Bulk rock volume, or the gross rock volume of rock above any hydrocarbon-water contact, is determined by mapping and correlating sedimentary packages. The net-to-gross ratio, typically estimated from analogues and wireline logs, is used to calculate the proportion of the sedimentary packages that contains reservoir rocks. The bulk rock volume multiplied by the net-to-gross ratio gives the net rock volume of the reservoir. The net rock volume multiplied by porosity gives the total hydrocarbon pore volume, i.e. the volume within the sedimentary package that fluids (importantly, hydrocarbons and water) can occupy. The summation of these volumes (see STOIIP and GIIP) for a given exploration prospect will allow explorers and commercial analysts to determine whether a prospect is financially viable.

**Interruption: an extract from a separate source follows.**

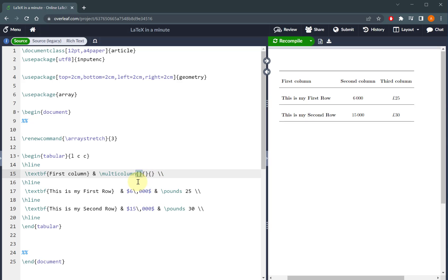The first input is how many columns you want your text to span. So in this case it's the second and third column, so there are two columns there that I want to span.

Traditionally, porosity and permeability were determined through the study of drilling samples, analysis of cores obtained from the wellbore, examination of contiguous parts of the reservoir that outcrop at the surface and by the technique of formation evaluation using wireline tools passed down the well itself. Modern advances in seismic data acquisition and processing have meant that seismic attributes of subsurface rocks are readily available and can be used to infer physical/sedimentary properties of the rocks themselves.